*LISTED RECORDS*.
· · ·

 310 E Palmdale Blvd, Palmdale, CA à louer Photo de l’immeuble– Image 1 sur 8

· · ·

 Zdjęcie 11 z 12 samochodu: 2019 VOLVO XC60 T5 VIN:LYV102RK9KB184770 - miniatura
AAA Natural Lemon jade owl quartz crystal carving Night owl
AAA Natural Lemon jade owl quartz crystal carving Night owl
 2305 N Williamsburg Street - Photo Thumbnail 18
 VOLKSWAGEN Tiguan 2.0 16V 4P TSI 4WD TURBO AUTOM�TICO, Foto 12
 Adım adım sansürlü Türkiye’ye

· · ·

*TASK DESCRIPTION*.
Would you copy each line of the records that contains "Photo"?

*EXPECTED ANSWER*.
 310 E Palmdale Blvd, Palmdale, CA à louer Photo de l’immeuble– Image 1 sur 8
 2305 N Williamsburg Street - Photo Thumbnail 18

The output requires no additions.